*** Stored data
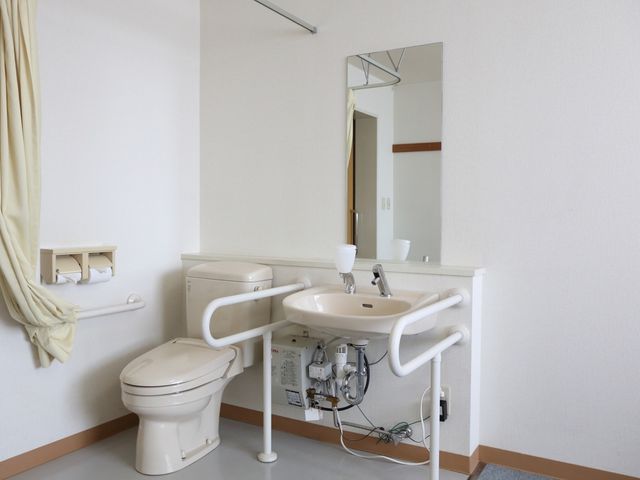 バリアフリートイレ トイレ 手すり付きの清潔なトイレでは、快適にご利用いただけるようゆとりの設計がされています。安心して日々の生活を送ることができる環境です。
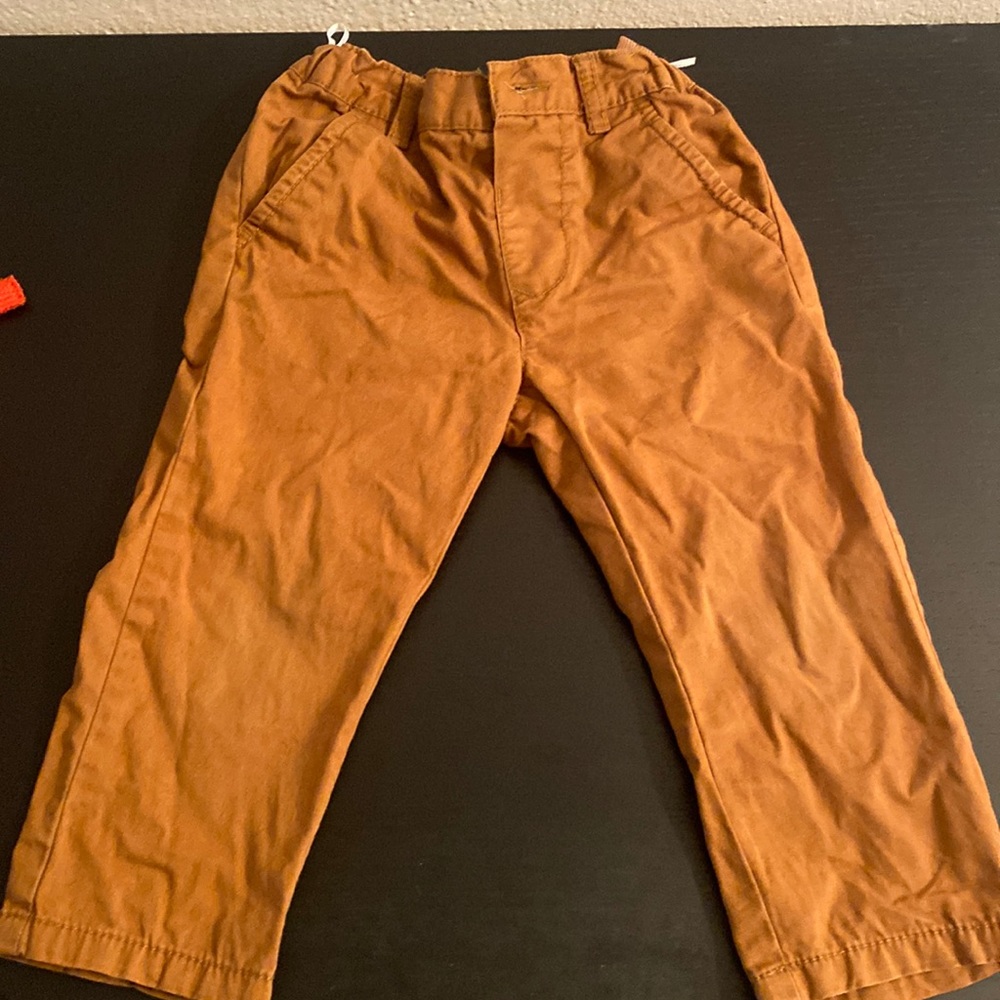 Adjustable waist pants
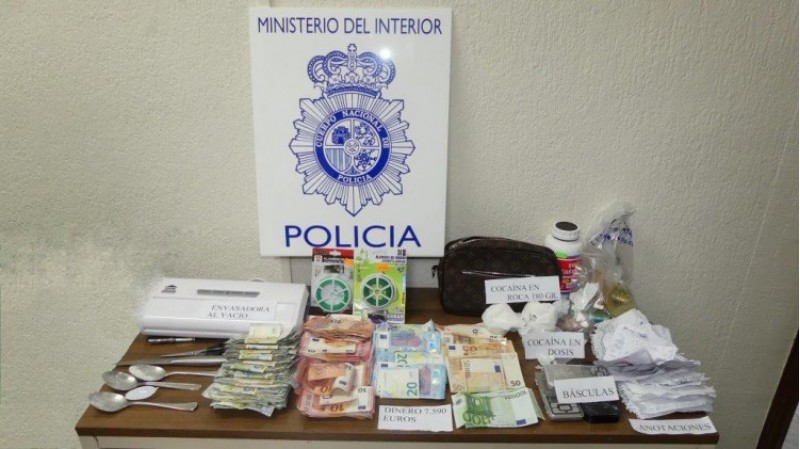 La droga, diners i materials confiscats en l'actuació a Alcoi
******
What you need to do: Exactly as written, return each line above and leave the pictures behind.

Exercise answer:
 バリアフリートイレ トイレ 手すり付きの清潔なトイレでは、快適にご利用いただけるようゆとりの設計がされています。安心して日々の生活を送ることができる環境です。
 Adjustable waist pants
 La droga, diners i materials confiscats en l'actuació a Alcoi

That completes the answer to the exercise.